Le locataire doit scrupuleusement respecter l’échéancier qui lui est fixé, en plus de payer mensuellement son loyer ; à défaut, le bail est résilié. Le bailleur n’est donc aucunement lésé : si la décision de justice est respectée, il est payé, et son locataire reste ; si elle ne l’est pas, l’expulsion a lieu.
Il faut prendre en compte le fait que cette disposition s’ajoute aux autres mesures de la loi, déjà très sévères et préjudiciables pour les ménages en impayés : réduction des délais en amont, réduction des délais pour quitter les lieux, lourde amende si ceux-ci restent dans le logement après décision de justice prononçant leur expulsion.

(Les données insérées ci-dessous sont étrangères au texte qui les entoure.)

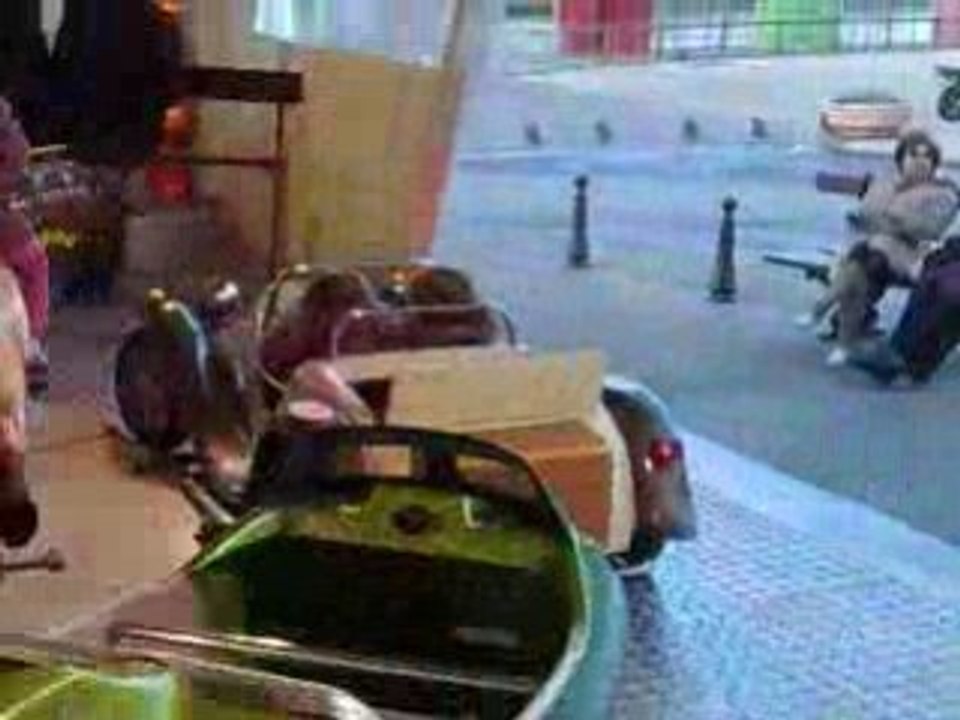 MANEGE SILOE1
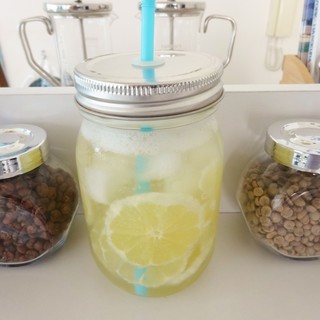 アロハロコ スタジオ_0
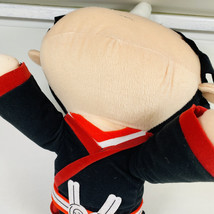 Item image 15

La grande majorité des impayés de loyer intervient à la suite d’un accident de la vie. Permettons au moins aux locataires qui en ont la capacité de rester dans leur logement.
M. le président. La parole est à Mme Marie-Noëlle Lienemann, pour présenter l’amendement n° 31.

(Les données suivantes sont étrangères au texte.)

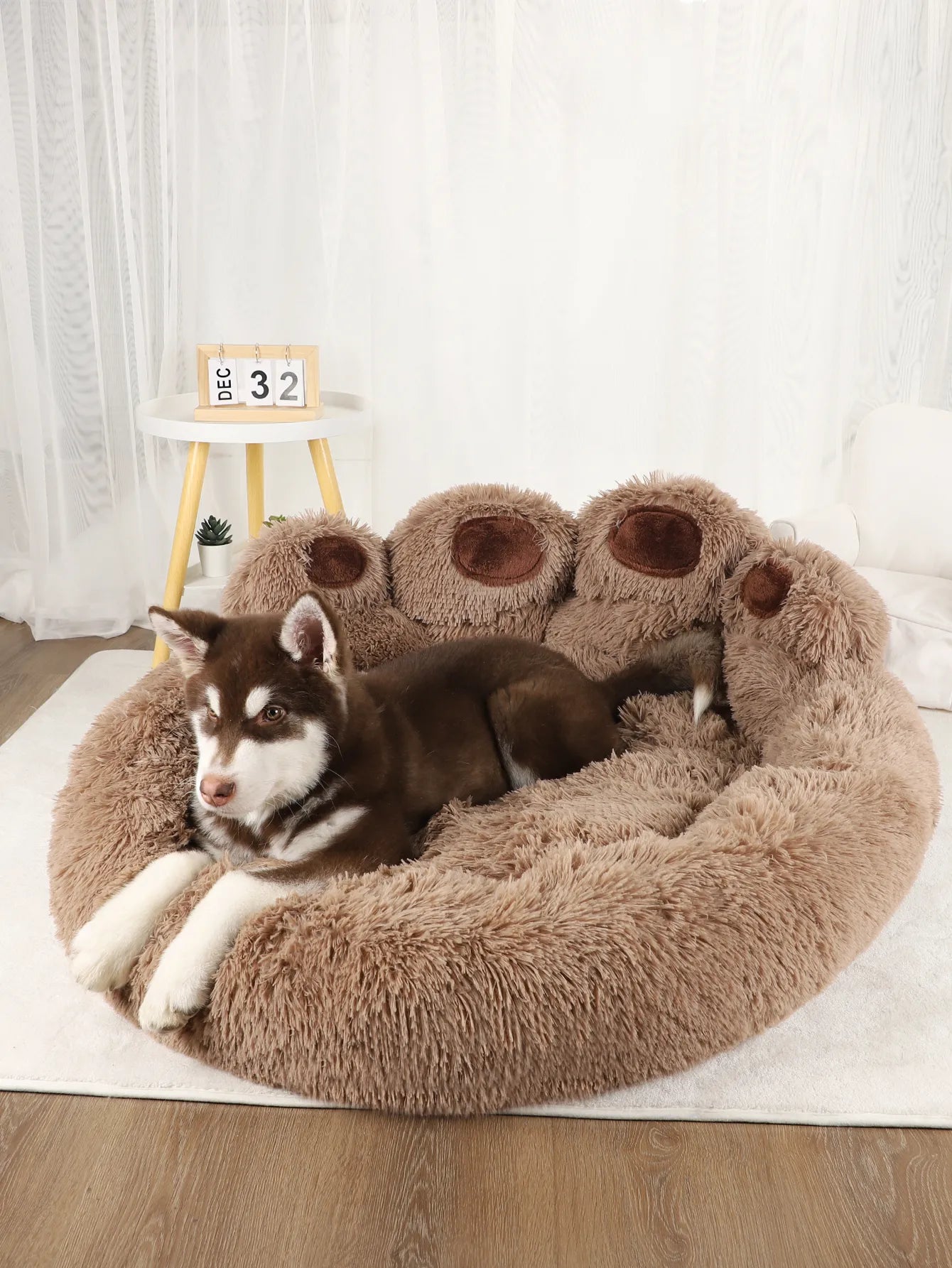 Cuddly™ kennel for pets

Mme Marie-Noëlle Lienemann. Nous insistons fermement : les propriétaires ne sont pas lésés dans la situation actuelle. Le locataire est en effet tenu de régler son loyer, conformément à l’échéancier défini. S’il s’acquitte de cette obligation, il peut rester dans les lieux ; dans le cas contraire, l’expulsion a lieu.
Par conséquent, je ne vois pas la nécessité d’enfoncer encore plus sous l’eau la tête de gens qui ne sont pas tous de mauvais payeurs ou des individus irresponsables. Il s’agit parfois de personnes confrontées à une détresse sociale temporaire ; aussi, au contraire, tout doit être mis en œuvre dans la société pour leur permettre de se rétablir et de retrouver une voie normale.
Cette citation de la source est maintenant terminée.